Extracted records
====================

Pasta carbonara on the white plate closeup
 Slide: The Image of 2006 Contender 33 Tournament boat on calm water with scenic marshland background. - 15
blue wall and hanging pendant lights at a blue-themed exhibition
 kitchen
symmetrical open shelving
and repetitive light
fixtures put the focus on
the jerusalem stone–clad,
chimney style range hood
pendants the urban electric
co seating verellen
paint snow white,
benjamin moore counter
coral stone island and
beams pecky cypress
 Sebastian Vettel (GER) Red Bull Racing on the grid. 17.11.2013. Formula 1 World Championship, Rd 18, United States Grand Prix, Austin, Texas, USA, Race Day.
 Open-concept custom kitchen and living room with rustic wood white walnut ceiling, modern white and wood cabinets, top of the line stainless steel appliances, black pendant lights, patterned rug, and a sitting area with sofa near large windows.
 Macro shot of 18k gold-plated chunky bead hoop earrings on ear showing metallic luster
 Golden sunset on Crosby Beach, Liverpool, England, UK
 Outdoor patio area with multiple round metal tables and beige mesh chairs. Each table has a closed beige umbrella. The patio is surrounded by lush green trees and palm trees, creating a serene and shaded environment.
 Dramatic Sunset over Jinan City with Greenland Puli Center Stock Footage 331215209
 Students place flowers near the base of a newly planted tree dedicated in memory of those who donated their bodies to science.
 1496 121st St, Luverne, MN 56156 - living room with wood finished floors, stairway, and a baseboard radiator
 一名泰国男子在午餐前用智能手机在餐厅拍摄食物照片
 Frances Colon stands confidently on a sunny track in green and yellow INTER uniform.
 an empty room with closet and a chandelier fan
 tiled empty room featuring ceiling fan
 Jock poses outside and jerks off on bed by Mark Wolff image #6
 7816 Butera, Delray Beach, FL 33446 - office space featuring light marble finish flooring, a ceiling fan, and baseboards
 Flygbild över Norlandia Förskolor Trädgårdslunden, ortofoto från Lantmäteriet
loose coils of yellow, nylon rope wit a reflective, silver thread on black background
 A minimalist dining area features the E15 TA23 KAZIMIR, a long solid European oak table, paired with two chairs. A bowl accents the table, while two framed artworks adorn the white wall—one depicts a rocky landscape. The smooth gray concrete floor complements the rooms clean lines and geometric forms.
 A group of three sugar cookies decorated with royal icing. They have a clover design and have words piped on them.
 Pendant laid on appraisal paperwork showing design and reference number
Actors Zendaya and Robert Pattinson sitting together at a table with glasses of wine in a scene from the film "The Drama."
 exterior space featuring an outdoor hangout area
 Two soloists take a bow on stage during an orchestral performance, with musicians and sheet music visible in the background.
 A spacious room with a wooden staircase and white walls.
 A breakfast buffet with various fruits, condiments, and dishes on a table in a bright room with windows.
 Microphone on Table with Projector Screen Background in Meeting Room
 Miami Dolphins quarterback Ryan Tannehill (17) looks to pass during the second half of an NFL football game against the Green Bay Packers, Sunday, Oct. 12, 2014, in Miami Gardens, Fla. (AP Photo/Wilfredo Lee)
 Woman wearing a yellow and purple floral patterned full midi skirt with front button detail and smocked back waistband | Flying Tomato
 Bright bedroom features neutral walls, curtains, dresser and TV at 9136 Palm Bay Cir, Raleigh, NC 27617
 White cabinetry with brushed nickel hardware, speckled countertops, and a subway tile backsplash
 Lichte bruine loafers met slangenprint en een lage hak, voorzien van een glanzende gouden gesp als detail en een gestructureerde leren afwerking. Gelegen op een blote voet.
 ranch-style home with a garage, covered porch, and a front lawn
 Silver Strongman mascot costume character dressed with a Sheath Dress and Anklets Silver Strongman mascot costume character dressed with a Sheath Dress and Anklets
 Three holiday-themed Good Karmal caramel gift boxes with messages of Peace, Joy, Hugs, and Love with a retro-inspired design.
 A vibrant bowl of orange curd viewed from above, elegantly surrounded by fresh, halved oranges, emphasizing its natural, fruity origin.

====================

- AIM OF THE TASK: In the records above, some lines hold the word "ceiling". Say how many, and nothing more.

- TASK RESULT: 3